Steve still works with wood as well as metal, but his wooden creations tend to be functional as well as artistic – his studio is furnished with unusually shaped and sized chairs adorned with carved faces, frogs, lizards, and dragonflies; a stand-up clock with fish swimming in and around the numbers; and a fireplace mantle resembling a mountain range in relief flanked by palm trees. An ornamental screen divides a portion of the room and a hand-carved, decorative croquet set sits in a corner by the back door, waiting for a game. In these pieces Steve uses woods of varying light and dark shades to sharpen the sense of contrast and to highlight the artistic details.

“I love to play croquet,” Steve says. “Sometimes I just show up at backyard parties with my favorite set.” Steve’s croquet set is an appropriate blend of whimsy and function: an ornate wooden caddy – with carved palm leaves on top and the figure of a nude woman on one side – that contains brightly colored balls, smooth-handled mallets, and wire wickets twisted to resemble familiar shapes – a bird, a house, bunny ears.

Steve’s decision to use metal instead of wood for his more purely artistic creations is a design choice: The metal allows him to develop forms, shapes, and angles quickly and flexibly in ways that are impossible with wood. Steve bends thin gauge wire by hand, but for thicker metal he uses pipe clamps. Metal is also a more durable material for weathering outdoors.

“The trick with metal,” he says, “is to produce the feeling of life by manipulating the lines and angles to create an illusory sense of motion.”

The result is a sculpture that resembles a sketch that has stepped off a page to grace a yard, a wall, or a room – art that reflects the whims of Steve’s imagination rather than the  limitations of the material.

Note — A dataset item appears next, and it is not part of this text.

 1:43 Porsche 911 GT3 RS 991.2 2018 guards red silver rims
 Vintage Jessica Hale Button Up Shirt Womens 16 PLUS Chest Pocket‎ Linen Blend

 “[Pablo] Picasso, [Paul] Klee and [Henri] Matisse are the artists who have inspired me the most,” Steve says, pointing to a photograph on his worktable of Picasso drawing lines in the air with a flashlight. The photo captures the ephemeral, glowing drawings, but in reality they are gone; they have disappeared. Steve says, “I wanted to make those lines in the air in a way that was permanent.”